Instructions to follow:
Transcribe every record exactly as it appears.

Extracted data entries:
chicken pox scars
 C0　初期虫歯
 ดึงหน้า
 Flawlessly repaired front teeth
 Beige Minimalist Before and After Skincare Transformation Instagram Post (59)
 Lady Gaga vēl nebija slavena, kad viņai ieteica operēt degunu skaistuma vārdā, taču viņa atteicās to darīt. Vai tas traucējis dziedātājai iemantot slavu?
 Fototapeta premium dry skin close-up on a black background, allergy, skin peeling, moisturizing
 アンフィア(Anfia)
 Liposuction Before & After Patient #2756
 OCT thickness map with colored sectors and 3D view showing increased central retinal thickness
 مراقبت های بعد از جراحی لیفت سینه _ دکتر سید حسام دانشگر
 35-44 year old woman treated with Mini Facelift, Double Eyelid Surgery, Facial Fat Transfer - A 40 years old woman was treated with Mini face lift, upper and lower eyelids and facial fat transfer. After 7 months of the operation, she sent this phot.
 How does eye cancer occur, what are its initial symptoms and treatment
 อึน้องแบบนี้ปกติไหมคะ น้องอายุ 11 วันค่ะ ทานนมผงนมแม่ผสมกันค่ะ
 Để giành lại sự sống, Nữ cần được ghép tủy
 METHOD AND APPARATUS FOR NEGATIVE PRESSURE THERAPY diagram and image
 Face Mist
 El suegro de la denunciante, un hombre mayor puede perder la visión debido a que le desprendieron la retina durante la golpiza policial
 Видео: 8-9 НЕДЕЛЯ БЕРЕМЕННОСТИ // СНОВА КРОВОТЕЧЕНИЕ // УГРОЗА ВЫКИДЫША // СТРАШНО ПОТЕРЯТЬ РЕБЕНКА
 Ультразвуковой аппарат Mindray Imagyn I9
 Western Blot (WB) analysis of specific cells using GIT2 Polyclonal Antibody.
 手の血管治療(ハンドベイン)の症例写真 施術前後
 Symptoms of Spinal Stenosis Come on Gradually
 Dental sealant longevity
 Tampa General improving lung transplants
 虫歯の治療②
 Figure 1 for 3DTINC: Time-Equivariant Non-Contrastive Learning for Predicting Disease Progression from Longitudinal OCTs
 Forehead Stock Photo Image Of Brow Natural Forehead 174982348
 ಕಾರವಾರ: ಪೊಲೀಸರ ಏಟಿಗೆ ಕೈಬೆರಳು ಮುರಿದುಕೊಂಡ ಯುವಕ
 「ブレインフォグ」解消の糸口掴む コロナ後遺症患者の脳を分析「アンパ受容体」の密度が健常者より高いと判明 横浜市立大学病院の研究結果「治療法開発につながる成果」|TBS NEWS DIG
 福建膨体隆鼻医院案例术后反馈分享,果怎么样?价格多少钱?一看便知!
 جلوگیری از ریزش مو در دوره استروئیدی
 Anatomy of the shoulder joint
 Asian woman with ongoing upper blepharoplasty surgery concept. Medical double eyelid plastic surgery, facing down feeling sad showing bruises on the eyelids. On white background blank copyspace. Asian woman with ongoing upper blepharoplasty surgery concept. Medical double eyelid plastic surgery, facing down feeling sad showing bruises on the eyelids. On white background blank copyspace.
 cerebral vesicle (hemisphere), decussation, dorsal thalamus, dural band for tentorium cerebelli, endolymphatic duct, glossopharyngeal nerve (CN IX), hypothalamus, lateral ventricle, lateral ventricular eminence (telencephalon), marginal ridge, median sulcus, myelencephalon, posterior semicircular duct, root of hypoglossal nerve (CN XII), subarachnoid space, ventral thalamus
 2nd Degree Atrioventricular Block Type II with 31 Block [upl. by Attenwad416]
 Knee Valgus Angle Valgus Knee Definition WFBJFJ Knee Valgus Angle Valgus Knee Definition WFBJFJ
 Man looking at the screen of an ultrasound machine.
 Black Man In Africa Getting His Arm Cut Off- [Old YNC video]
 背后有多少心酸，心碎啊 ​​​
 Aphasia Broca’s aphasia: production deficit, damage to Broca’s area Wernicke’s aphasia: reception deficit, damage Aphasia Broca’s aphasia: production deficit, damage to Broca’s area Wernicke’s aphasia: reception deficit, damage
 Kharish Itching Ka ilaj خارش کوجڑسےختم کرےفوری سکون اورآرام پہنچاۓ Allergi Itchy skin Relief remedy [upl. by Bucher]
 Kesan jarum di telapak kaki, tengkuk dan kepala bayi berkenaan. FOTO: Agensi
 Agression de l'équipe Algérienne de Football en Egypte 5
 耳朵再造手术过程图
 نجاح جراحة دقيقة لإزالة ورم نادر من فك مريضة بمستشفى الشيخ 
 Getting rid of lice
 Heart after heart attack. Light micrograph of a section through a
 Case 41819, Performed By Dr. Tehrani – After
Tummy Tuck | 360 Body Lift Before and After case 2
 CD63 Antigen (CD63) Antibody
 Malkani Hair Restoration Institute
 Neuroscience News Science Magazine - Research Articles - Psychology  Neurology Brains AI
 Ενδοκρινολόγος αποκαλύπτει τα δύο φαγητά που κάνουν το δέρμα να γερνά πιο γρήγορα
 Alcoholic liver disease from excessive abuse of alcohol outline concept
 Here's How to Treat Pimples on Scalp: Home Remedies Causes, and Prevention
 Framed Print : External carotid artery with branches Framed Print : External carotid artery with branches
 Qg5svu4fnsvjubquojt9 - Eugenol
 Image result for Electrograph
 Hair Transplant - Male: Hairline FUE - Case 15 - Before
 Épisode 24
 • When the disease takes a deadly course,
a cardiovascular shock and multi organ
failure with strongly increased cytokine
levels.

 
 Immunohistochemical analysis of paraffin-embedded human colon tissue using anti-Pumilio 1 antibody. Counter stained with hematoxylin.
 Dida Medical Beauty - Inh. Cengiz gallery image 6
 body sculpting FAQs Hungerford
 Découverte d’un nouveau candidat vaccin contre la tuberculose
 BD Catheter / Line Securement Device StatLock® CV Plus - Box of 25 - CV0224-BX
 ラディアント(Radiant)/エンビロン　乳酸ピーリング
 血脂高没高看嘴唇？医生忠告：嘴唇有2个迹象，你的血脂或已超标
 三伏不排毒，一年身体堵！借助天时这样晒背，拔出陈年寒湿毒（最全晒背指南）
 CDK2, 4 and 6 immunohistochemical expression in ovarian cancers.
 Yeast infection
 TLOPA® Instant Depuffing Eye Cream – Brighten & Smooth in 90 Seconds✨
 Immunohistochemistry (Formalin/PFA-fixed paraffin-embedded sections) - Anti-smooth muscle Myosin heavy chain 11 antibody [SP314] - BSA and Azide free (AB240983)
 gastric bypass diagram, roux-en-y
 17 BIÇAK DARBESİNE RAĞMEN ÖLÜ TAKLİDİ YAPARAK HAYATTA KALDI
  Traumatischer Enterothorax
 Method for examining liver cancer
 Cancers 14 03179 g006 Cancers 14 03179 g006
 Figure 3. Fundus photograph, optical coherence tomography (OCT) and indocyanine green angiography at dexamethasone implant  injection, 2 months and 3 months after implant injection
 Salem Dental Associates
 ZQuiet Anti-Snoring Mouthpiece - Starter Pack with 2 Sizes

Output:
chicken pox scars
 C0　初期虫歯
 ดึงหน้า
 Flawlessly repaired front teeth
 Beige Minimalist Before and After Skincare Transformation Instagram Post (59)
 Lady Gaga vēl nebija slavena, kad viņai ieteica operēt degunu skaistuma vārdā, taču viņa atteicās to darīt. Vai tas traucējis dziedātājai iemantot slavu?
 Fototapeta premium dry skin close-up on a black background, allergy, skin peeling, moisturizing
 アンフィア(Anfia)
 Liposuction Before & After Patient #2756
 OCT thickness map with colored sectors and 3D view showing increased central retinal thickness
 مراقبت های بعد از جراحی لیفت سینه _ دکتر سید حسام دانشگر
 35-44 year old woman treated with Mini Facelift, Double Eyelid Surgery, Facial Fat Transfer - A 40 years old woman was treated with Mini face lift, upper and lower eyelids and facial fat transfer. After 7 months of the operation, she sent this phot.
 How does eye cancer occur, what are its initial symptoms and treatment
 อึน้องแบบนี้ปกติไหมคะ น้องอายุ 11 วันค่ะ ทานนมผงนมแม่ผสมกันค่ะ
 Để giành lại sự sống, Nữ cần được ghép tủy
 METHOD AND APPARATUS FOR NEGATIVE PRESSURE THERAPY diagram and image
 Face Mist
 El suegro de la denunciante, un hombre mayor puede perder la visión debido a que le desprendieron la retina durante la golpiza policial
 Видео: 8-9 НЕДЕЛЯ БЕРЕМЕННОСТИ // СНОВА КРОВОТЕЧЕНИЕ // УГРОЗА ВЫКИДЫША // СТРАШНО ПОТЕРЯТЬ РЕБЕНКА
 Ультразвуковой аппарат Mindray Imagyn I9
 Western Blot (WB) analysis of specific cells using GIT2 Polyclonal Antibody.
 手の血管治療(ハンドベイン)の症例写真 施術前後
 Symptoms of Spinal Stenosis Come on Gradually
 Dental sealant longevity
 Tampa General improving lung transplants
 虫歯の治療②
 Figure 1 for 3DTINC: Time-Equivariant Non-Contrastive Learning for Predicting Disease Progression from Longitudinal OCTs
 Forehead Stock Photo Image Of Brow Natural Forehead 174982348
 ಕಾರವಾರ: ಪೊಲೀಸರ ಏಟಿಗೆ ಕೈಬೆರಳು ಮುರಿದುಕೊಂಡ ಯುವಕ
 「ブレインフォグ」解消の糸口掴む コロナ後遺症患者の脳を分析「アンパ受容体」の密度が健常者より高いと判明 横浜市立大学病院の研究結果「治療法開発につながる成果」|TBS NEWS DIG
 福建膨体隆鼻医院案例术后反馈分享,果怎么样?价格多少钱?一看便知!
 جلوگیری از ریزش مو در دوره استروئیدی
 Anatomy of the shoulder joint
 Asian woman with ongoing upper blepharoplasty surgery concept. Medical double eyelid plastic surgery, facing down feeling sad showing bruises on the eyelids. On white background blank copyspace. Asian woman with ongoing upper blepharoplasty surgery concept. Medical double eyelid plastic surgery, facing down feeling sad showing bruises on the eyelids. On white background blank copyspace.
 cerebral vesicle (hemisphere), decussation, dorsal thalamus, dural band for tentorium cerebelli, endolymphatic duct, glossopharyngeal nerve (CN IX), hypothalamus, lateral ventricle, lateral ventricular eminence (telencephalon), marginal ridge, median sulcus, myelencephalon, posterior semicircular duct, root of hypoglossal nerve (CN XII), subarachnoid space, ventral thalamus
 2nd Degree Atrioventricular Block Type II with 31 Block [upl. by Attenwad416]
 Knee Valgus Angle Valgus Knee Definition WFBJFJ Knee Valgus Angle Valgus Knee Definition WFBJFJ
 Man looking at the screen of an ultrasound machine.
 Black Man In Africa Getting His Arm Cut Off- [Old YNC video]
 背后有多少心酸，心碎啊 ​​​
 Aphasia Broca’s aphasia: production deficit, damage to Broca’s area Wernicke’s aphasia: reception deficit, damage Aphasia Broca’s aphasia: production deficit, damage to Broca’s area Wernicke’s aphasia: reception deficit, damage
 Kharish Itching Ka ilaj خارش کوجڑسےختم کرےفوری سکون اورآرام پہنچاۓ Allergi Itchy skin Relief remedy [upl. by Bucher]
 Kesan jarum di telapak kaki, tengkuk dan kepala bayi berkenaan. FOTO: Agensi
 Agression de l'équipe Algérienne de Football en Egypte 5
 耳朵再造手术过程图
 نجاح جراحة دقيقة لإزالة ورم نادر من فك مريضة بمستشفى الشيخ 
 Getting rid of lice
 Heart after heart attack. Light micrograph of a section through a
 Case 41819, Performed By Dr. Tehrani – After
Tummy Tuck | 360 Body Lift Before and After case 2
 CD63 Antigen (CD63) Antibody
 Malkani Hair Restoration Institute
 Neuroscience News Science Magazine - Research Articles - Psychology  Neurology Brains AI
 Ενδοκρινολόγος αποκαλύπτει τα δύο φαγητά που κάνουν το δέρμα να γερνά πιο γρήγορα
 Alcoholic liver disease from excessive abuse of alcohol outline concept
 Here's How to Treat Pimples on Scalp: Home Remedies Causes, and Prevention
 Framed Print : External carotid artery with branches Framed Print : External carotid artery with branches
 Qg5svu4fnsvjubquojt9 - Eugenol
 Image result for Electrograph
 Hair Transplant - Male: Hairline FUE - Case 15 - Before
 Épisode 24
 • When the disease takes a deadly course,
a cardiovascular shock and multi organ
failure with strongly increased cytokine
levels.

 
 Immunohistochemical analysis of paraffin-embedded human colon tissue using anti-Pumilio 1 antibody. Counter stained with hematoxylin.
 Dida Medical Beauty - Inh. Cengiz gallery image 6
 body sculpting FAQs Hungerford
 Découverte d’un nouveau candidat vaccin contre la tuberculose
 BD Catheter / Line Securement Device StatLock® CV Plus - Box of 25 - CV0224-BX
 ラディアント(Radiant)/エンビロン　乳酸ピーリング
 血脂高没高看嘴唇？医生忠告：嘴唇有2个迹象，你的血脂或已超标
 三伏不排毒，一年身体堵！借助天时这样晒背，拔出陈年寒湿毒（最全晒背指南）
 CDK2, 4 and 6 immunohistochemical expression in ovarian cancers.
 Yeast infection
 TLOPA® Instant Depuffing Eye Cream – Brighten & Smooth in 90 Seconds✨
 Immunohistochemistry (Formalin/PFA-fixed paraffin-embedded sections) - Anti-smooth muscle Myosin heavy chain 11 antibody [SP314] - BSA and Azide free (AB240983)
 gastric bypass diagram, roux-en-y
 17 BIÇAK DARBESİNE RAĞMEN ÖLÜ TAKLİDİ YAPARAK HAYATTA KALDI
  Traumatischer Enterothorax
 Method for examining liver cancer
 Cancers 14 03179 g006 Cancers 14 03179 g006
 Figure 3. Fundus photograph, optical coherence tomography (OCT) and indocyanine green angiography at dexamethasone implant  injection, 2 months and 3 months after implant injection
 Salem Dental Associates
 ZQuiet Anti-Snoring Mouthpiece - Starter Pack with 2 Sizes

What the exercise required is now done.